Note-se ainda que, a qualquer tempo, o colaborador pode romper a avença (mesmo quando legitimamente negociada) e exercer dali em diante todos os seus direitos processuais, inclusive a garantia nemo tenetur se detegere. O direito de retratar-se está previsto no §10 do artigo 4º da Lei, e pode ser exercido sem qualquer prejuízo ao estado de inocência do colaborador porque as provas autoincriminatórias por ele até então produzidas não poderão ser usadas contra ele pelo Ministério Público, embora sejam válidas em relação aos coimputados.
Perceba-se ainda que há outra categoria de direitos e garantias processuais que são irrenunciáveis. Entre elas estão os direitos à vida e a integridade física (ninguém pode concordar em ser executado ou submetido a tortura em função de uma investigação criminal); o direito à assistência de advogado (ainda que o réu não queria, não se fará julgamento algum sem defesa técnica); e o direito ao duplo grau de jurisdição e ao contraditório, especialmente quando se verifique o descumprimento do próprio acordo por parte do Estado.
Por fim, não custa repetir. A delação premiada – na sua forma clássica – e a colaboração premiada são instrumentos de defesa. O advogado ou defensor pode escolher esse caminho para isentar seu constituinte de pena (perdão judicial), reduzi-la (causa de diminuição) ou evitar o próprio processo penal (acordos de imunidade e de sobrestamento da persecução).
Esta característica de mecanismo de ampliação das perspectivas exoneratórias da defesa não passou despercebida pelos tribunais. A confissão ampla e qualificada serve ao réu como unguento ou bálsamo processual, desde que sua cooperação seja ratificada na fase judicial e corroborada por outros meios de prova. Contudo, se o colaborador se retrata em juízo, não tem direito a benefício algum, pois:
“Não obstante tenha havido inicial colaboração perante a autoridade policial, as informações prestadas pelo paciente perdem relevância, na medida em que não contribuíram, de fato, para a responsabilização dos agentes criminosos. O magistrado singular não pode sequer delas se utilizar para fundamentar a condenação, uma vez que o paciente se retratou em juízo. Sua pretensa colaboração, afinal, não logrou alcançar a utilidade que se pretende com o instituto da delação premiada, a ponto de justificar a incidência da causa de diminuição de pena”. (STJ, 5ª Turma, HC 120.454, rel. Laurita Vaz, j. em 23/fev/2010).

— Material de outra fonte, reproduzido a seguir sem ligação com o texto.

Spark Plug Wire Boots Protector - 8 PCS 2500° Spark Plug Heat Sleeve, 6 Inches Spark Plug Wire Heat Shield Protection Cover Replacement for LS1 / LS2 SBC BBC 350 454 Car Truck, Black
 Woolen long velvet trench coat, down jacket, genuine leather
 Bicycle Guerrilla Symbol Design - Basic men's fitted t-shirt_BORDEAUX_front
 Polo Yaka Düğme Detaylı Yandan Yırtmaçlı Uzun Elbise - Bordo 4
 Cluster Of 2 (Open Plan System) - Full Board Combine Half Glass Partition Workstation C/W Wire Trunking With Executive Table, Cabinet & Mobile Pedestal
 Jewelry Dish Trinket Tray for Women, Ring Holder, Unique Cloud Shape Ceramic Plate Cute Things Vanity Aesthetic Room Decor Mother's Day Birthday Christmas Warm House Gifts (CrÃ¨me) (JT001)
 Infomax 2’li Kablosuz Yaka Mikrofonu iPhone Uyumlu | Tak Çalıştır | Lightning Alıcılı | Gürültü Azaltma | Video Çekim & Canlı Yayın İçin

O arrependimento daquele que antes havia se arrependido (pentito) não gera efeitos jurídicos em seu favor. Se houvesse mantido a colaboração em juízo, teria obtido a redução de pena pretendida ou haveria alcançado o perdão judicial, conforme o caso. A colaboração premiada é o produto processual de uma negociação “ganha/ganha” (G/G). Ganha a sociedade com a elucidação de crimes; ganha o colaborador com a redução ou a isenção de sua pena.